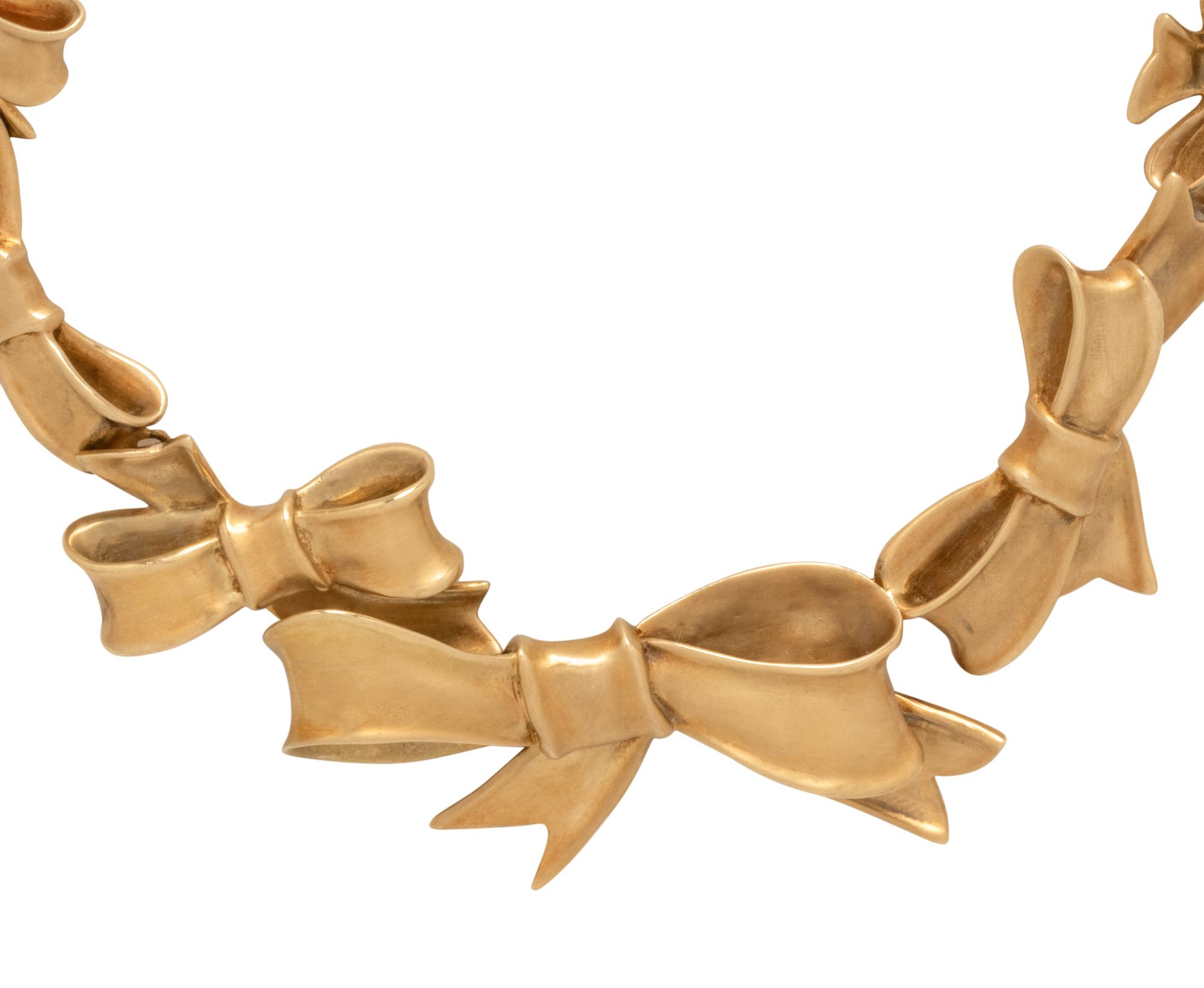 ANGELA CUMMINGS, YELLOW GOLD BOW NECKLACE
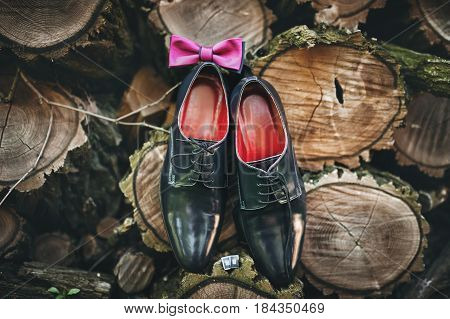 Men's lacquered shoes on a wooden background. Groom's wedding accessories.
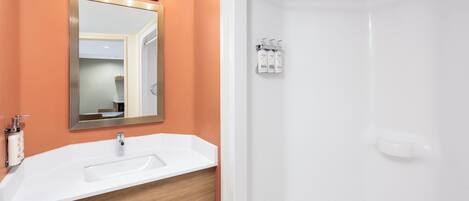 A bathroom with a white sink, a mirror with lights, and a shower area.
##########
# DIRECTIONS
Reproduce the lines above, exactly and exclusively, from the line containing "Men's lacquered shoes" down to the last line, both included; pictures are not part of the copy.

# REPLY TO THE TASK
 Men's lacquered shoes on a wooden background. Groom's wedding accessories.
 A bathroom with a white sink, a mirror with lights, and a shower area.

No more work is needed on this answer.